* [EXERCISE DESCRIPTION]: In the records below, find the line that contains "流产|女人若是这两种血型,第一胎尽量别流掉,可能对你和孩子都好" and the line that contains "Thomas C. Gerber, Birgit"; write out exactly those two lines and everything between them, without the pictures.

* [EXCERPTED DATA]:
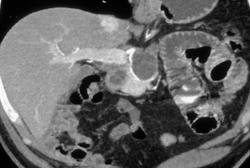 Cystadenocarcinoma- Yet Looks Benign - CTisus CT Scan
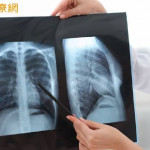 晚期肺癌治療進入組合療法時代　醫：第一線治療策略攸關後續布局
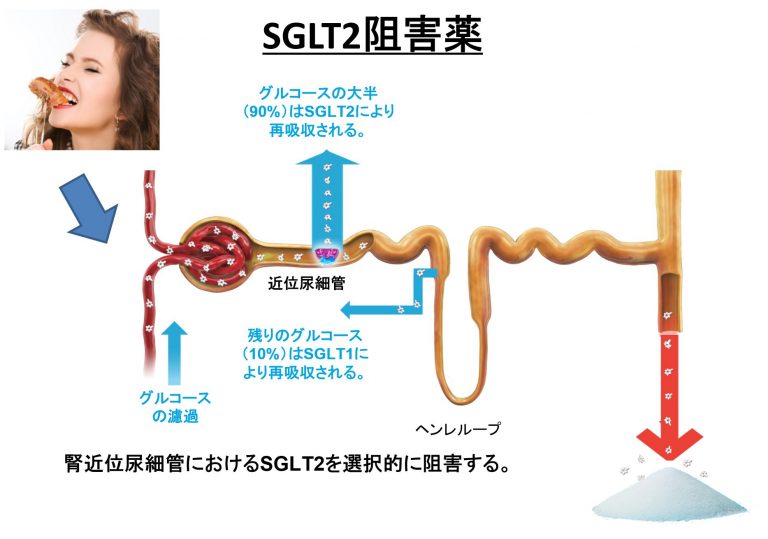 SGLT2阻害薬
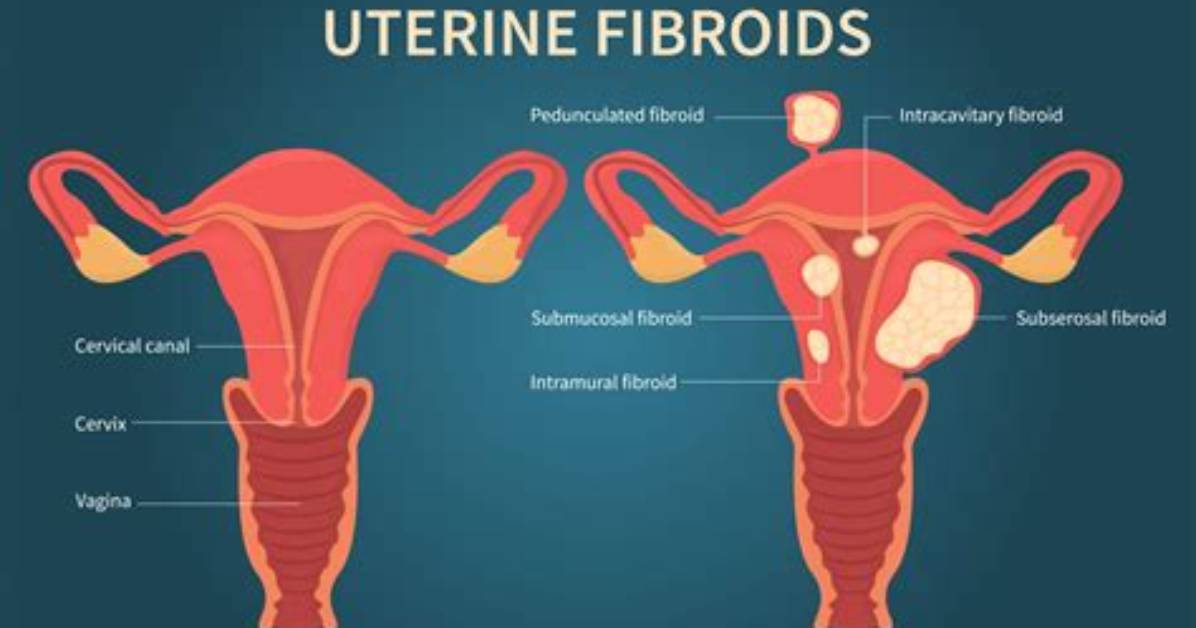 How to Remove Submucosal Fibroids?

* * *

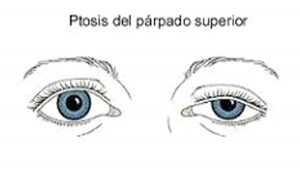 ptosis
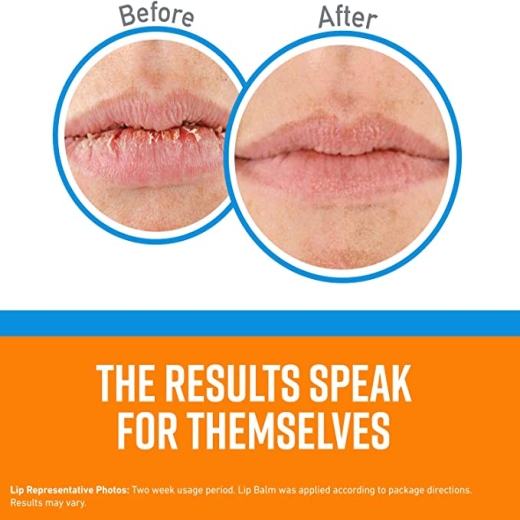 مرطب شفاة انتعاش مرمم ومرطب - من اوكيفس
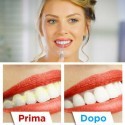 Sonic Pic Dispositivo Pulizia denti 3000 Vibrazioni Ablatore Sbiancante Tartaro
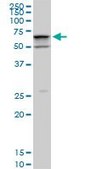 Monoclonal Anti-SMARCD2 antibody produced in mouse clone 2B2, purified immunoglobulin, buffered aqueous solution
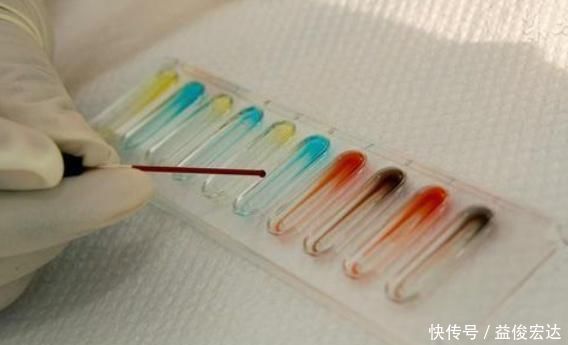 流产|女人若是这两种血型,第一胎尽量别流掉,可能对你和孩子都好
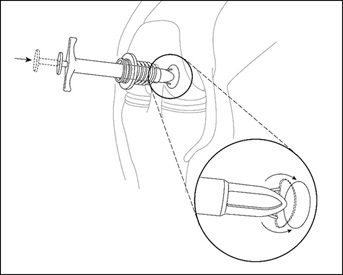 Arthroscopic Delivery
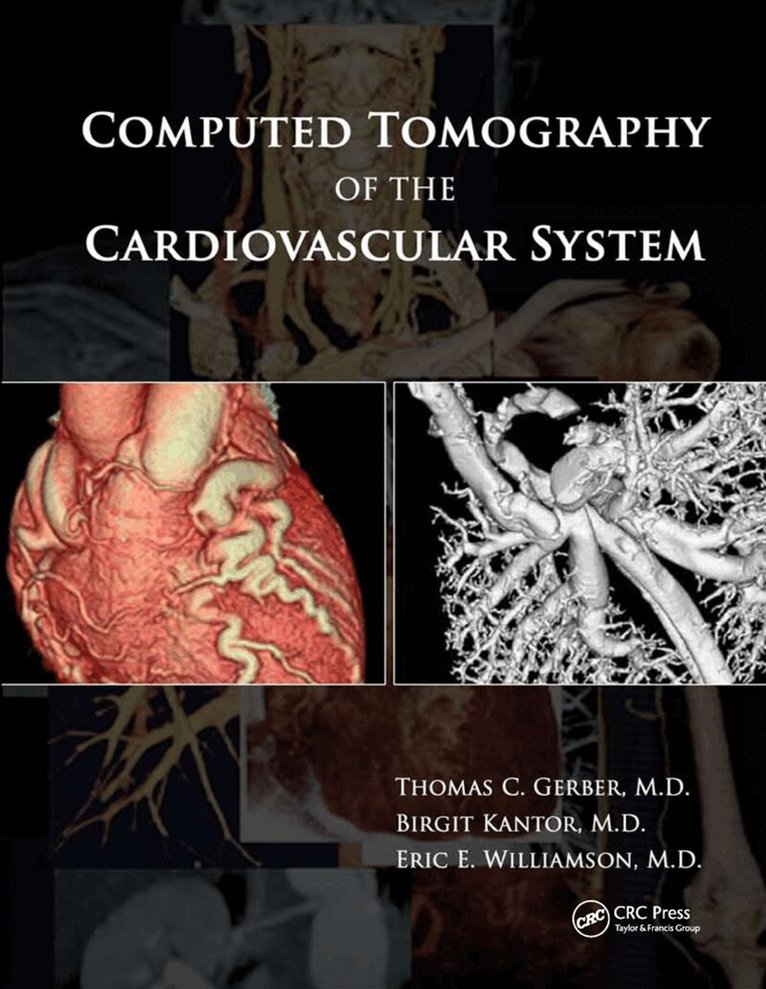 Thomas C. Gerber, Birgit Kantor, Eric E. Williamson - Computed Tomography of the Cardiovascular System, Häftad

* * *

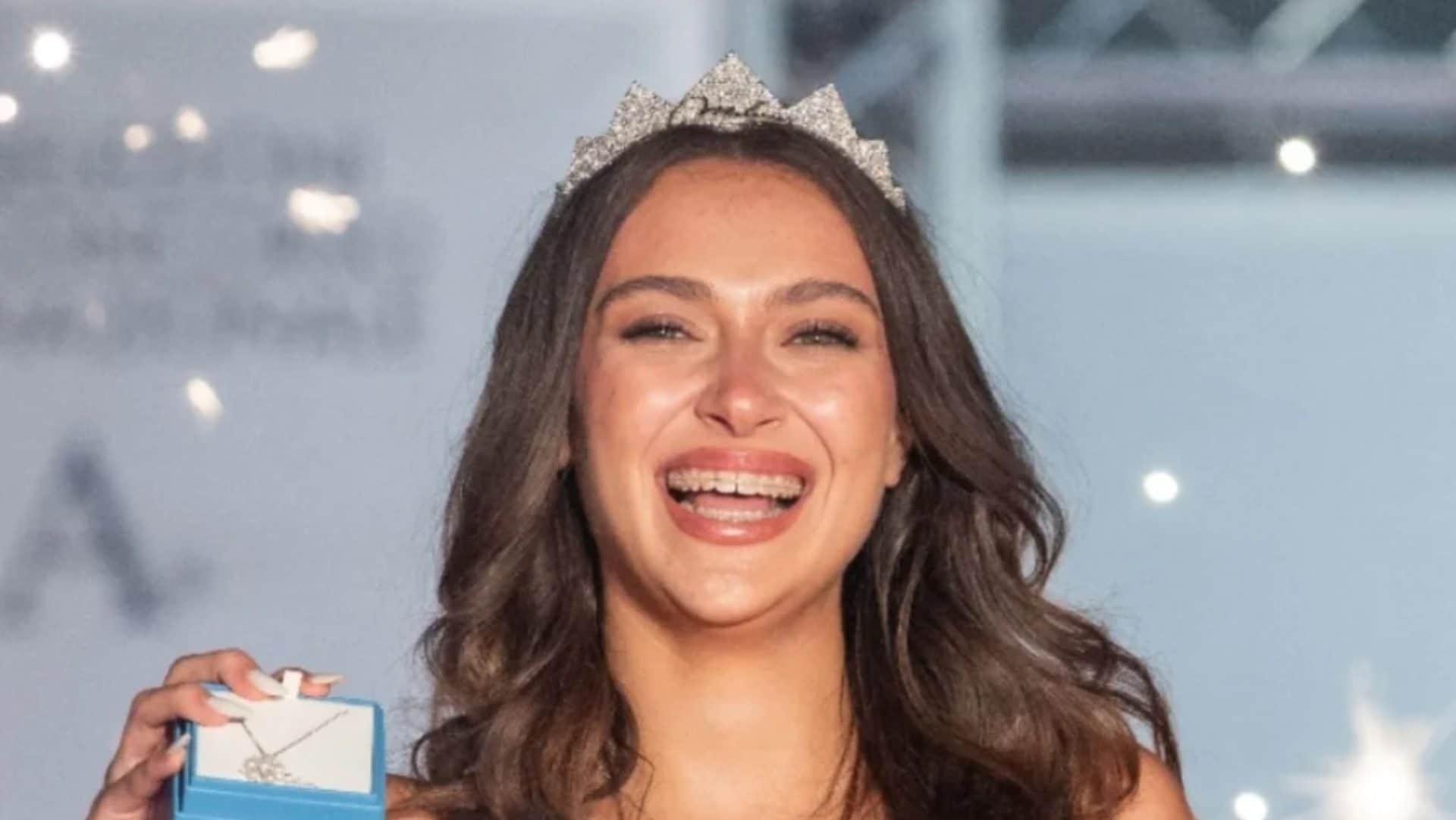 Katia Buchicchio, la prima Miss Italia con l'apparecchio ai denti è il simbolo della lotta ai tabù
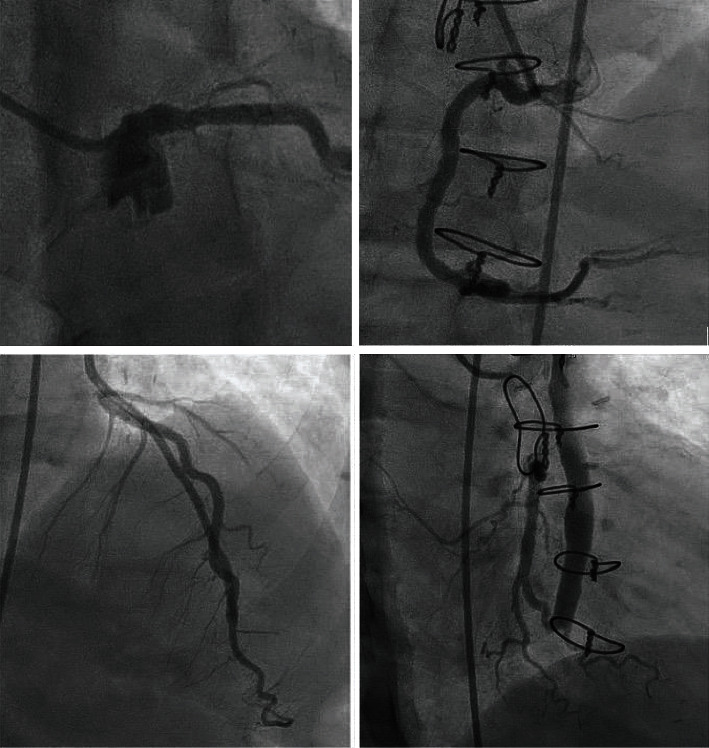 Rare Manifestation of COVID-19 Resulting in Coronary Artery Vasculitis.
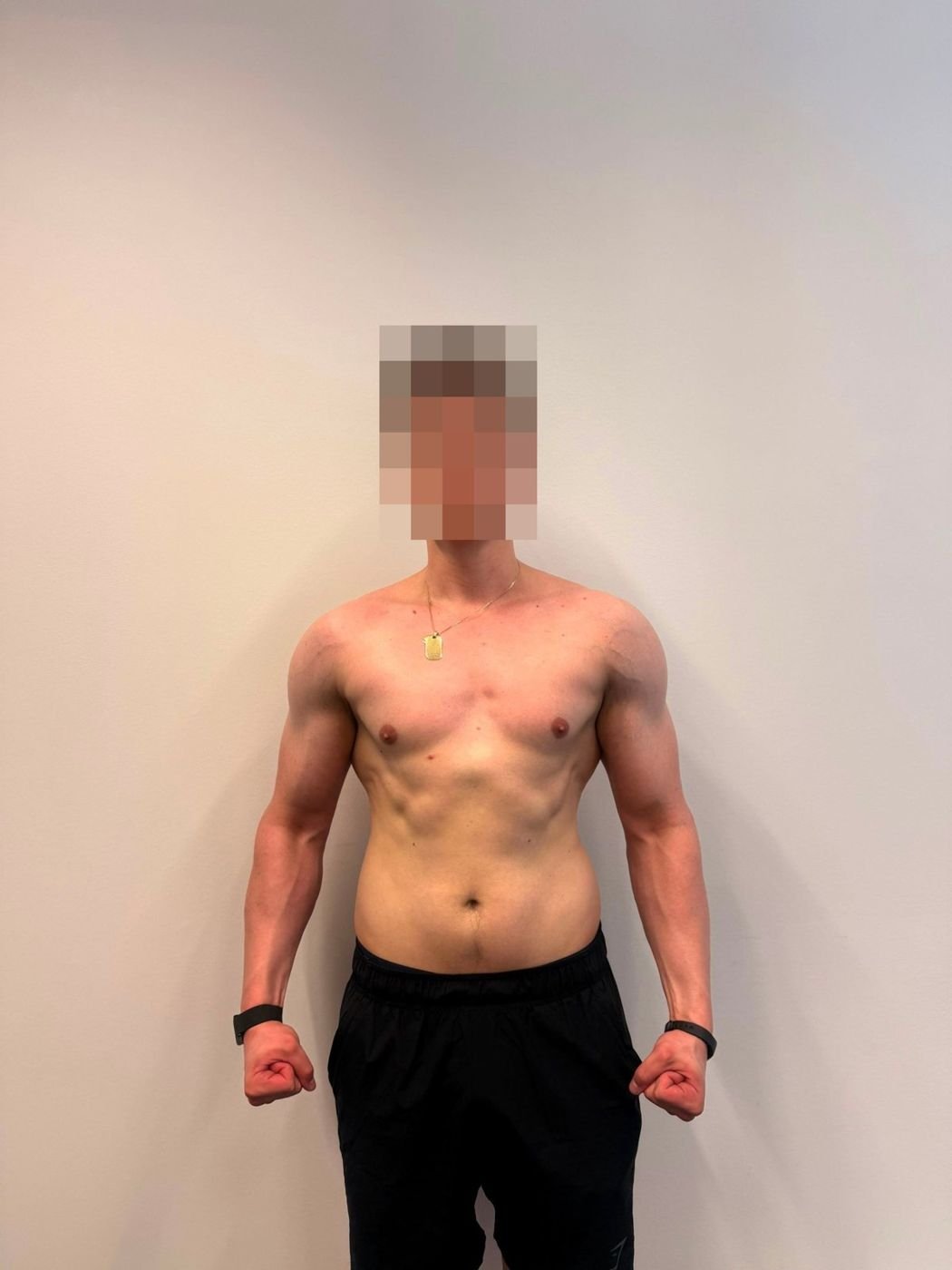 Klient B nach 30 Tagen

* [ANSWER BOX]:
 流产|女人若是这两种血型,第一胎尽量别流掉,可能对你和孩子都好
 Arthroscopic Delivery
 Thomas C. Gerber, Birgit Kantor, Eric E. Williamson - Computed Tomography of the Cardiovascular System, Häftad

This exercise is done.